Yang Haoran is also endeavoring to keep his focus on shooting.

With Yang Qian becoming something of a social media celebrity since the Olympics, the 25-year-old Yang Haoran has purposely reduced his time in the media spotlight. He joked with his shooting partner in front of the TV cameras: "You are a big star now, I need to keep my distance from you. You should stop talking to me, because I don't want to stand between you and your fans, who want to have photos with you."

Yang Qian hails from Zhejiang province, and Yang Haoran is from Hebei, but the two formed a united team in Xi'an to win gold at the National Games.

Silver went to Zhejiang youngsters Wang Zhilin and Wang Yuefeng, who were making their National Games debuts.

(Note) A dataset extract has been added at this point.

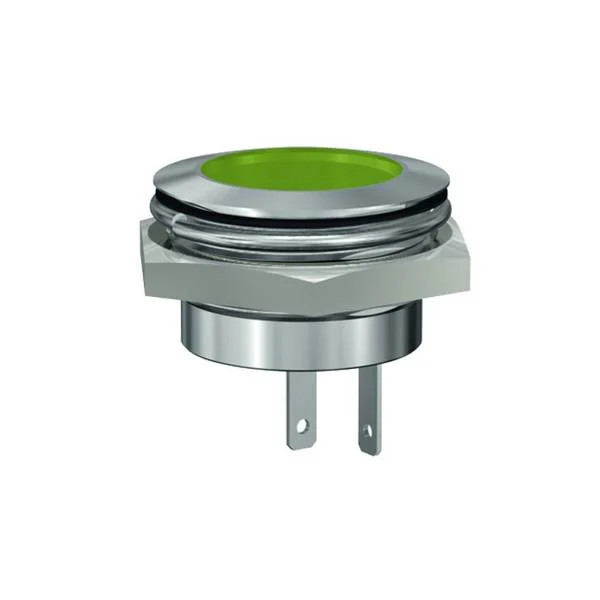Signal Construct SMFL22714 24V/DC Green LED Signal Light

Zhejiang team coach Ge Hongzhuan declared himself pleased with the performance of his squad and spoke of his pride in Yang Qian's achievements.

"The selection of the shooters for the mixed team competition was the decision of our team after many discussions. The performance of the Zhejiang team's shooters has generally been great. They have displayed their potential and carried out the team's tactics," said Ge.

"As for Yang Qian, she has continued to produce the outstanding performance levels that she managed in Tokyo."

China's Olympic diving champions have also been maintaining their high standards in Xi'an.

The three-way tussle in the women's 10m platform event was dubbed "Battle of the diving queens" on Chinese social media, with the competition between Quan Hongchan, Zhang Jiaqi and Chen Yuxi even more intense than in Tokyo.

"I was still very nervous, and I was afraid I would make mistakes," said 14-year-old Quan after again emerging the victor.

"The National Games is so intense. I was trailing them initially but I just told myself to win back the points.

"So before the last jump, I stood on the platform telling myself to show my average level and not make a mistake. The moment I touched the water surface, I knew the dive was good enough."

Quan admitted that her sudden rise to fame after the Olympics has been difficult to process.

"I actually don't want this much attention from the public," said the teenager. "I'm a little perturbed by it all. I always feel if I don't perform so well, then they won't like me anymore. I feel it's a must that I have perfect performances."

The 15-year-old Chen was the leader before the last two jumps, and admitted the pressure got to her.

"My recent training in certain moves was not that ideal. My body is growing, but my overall competitiveness in the sport is reducing. I was too nervous before my last jump. It's a real pity," said Chen.